Content warning: Swearing
My cat, Oreo, is the best poker partner I've ever had. Hands down—no pun intended. Don't let those old Coolidge paintings fool you; dogs really don't know what the hell they're doing once you sit them on that rickety ladder back chair, and their paws just aren't made for holding the cards steady. Trust me: If you want a reliable means of collusion in a game of Texas hold 'em, British Shorthairs are the way to go.
Of course, it also helps that Oreo can talk now.
Last month my boyfriend, Mark, came into the living room while I was watching TV. He didn't sit, which was the first red flag. The second came in the hushed form of those infamous four words: "We need to talk."
There was a program playing, some roundtable discussion where the panelists debated the ideologies of Buddhism. My finger grazed the remote's mute button, but I kept the volume on, hoping the panelists' words would eclipse Mark's.
It didn't work.
"It's not you, Trevor, it's me," he began, right before telling me how I made everything about myself and he just couldn't take it. I said nothing because I didn't want to prove his point.

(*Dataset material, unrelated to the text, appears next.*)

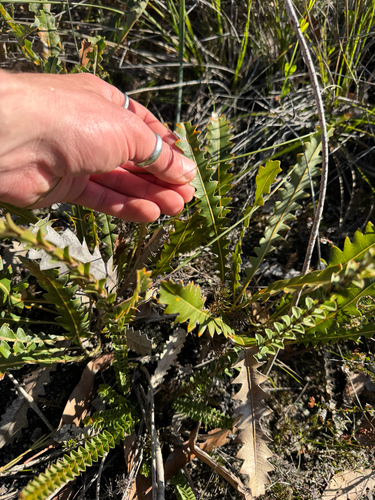 Banksia gardneri, photograph 5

Then he left and took eighteen months of memories with him into the dusty Las Vegas night.
Well, I decided to follow the teachings of the show and take the Buddhist approach: four Budweisers and two joints.
When that didn't work, I opted for the casino, since I was already losing things.

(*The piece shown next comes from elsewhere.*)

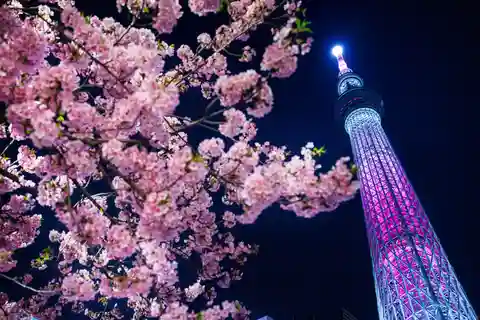 Tokyo Night Magic: Luxury Car Tour with Convenient Pickup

It was on a whim that I grabbed Oreo, usually silent and antisocial, during one of his coughing fits, tucked him under my armpit like a fifteen-pound black-and-white football, and shambled out the door.
We staggered downtown through the palm trees and lights of the Vegas strip. Colors bright as the future illuminated the casinos. Eventually I chose one glowing hot pink named Flamingo.

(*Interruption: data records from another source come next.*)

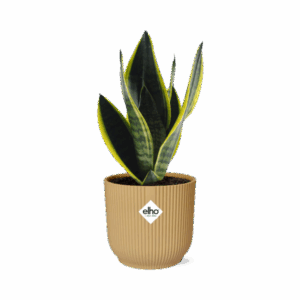 Bogenhanf Sansevieria Futura Superba in ELHO Vibes Fold 14cm geel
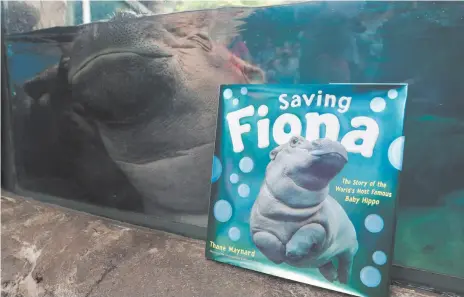  ?? CITIZEN NEWS SERVICE PHOTO BY JOHN MINCHILLO ?? In this June 26, 2018, photo Fiona, a baby Nile Hippopotam­us, sleeps in her enclosure beside a copy of Saving Fiona, posed for a photograph at the Cincinnati Zoo & Botanical Garden, in Cincinnati.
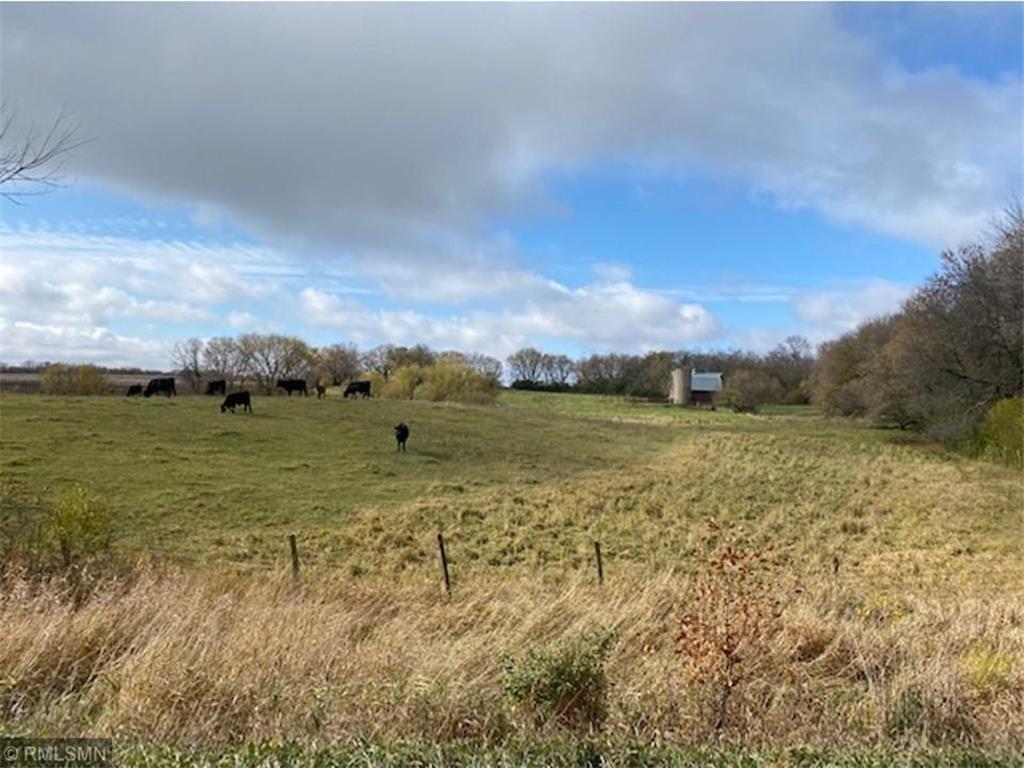 XXX 295th Avenue, Dalton, MN, 56324 MLS 6360690 Edina Realty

The bouncer out front stopped me before I could enter. He gestured to Oreo. "No cats allowed."
"He's a service cat, bro," I said, slurring my words.
It wasn't until I offered him my last two joints, which I'd been saving for after the casino, when I could legally file for bankruptcy, that he finally relented.
The stench of tobacco and desperation congested the casino. In the poker room we sidled up to a sparsely-populated table. Oreo sat on the chair beside mine. After I exchanged my life savings for a pile of black tokens, he wobbled on his hind legs, flopped his paws down on the emerald felt, and coughed on the stack of poker chips I'd split with him.
"My friend's playing too," I interpreted.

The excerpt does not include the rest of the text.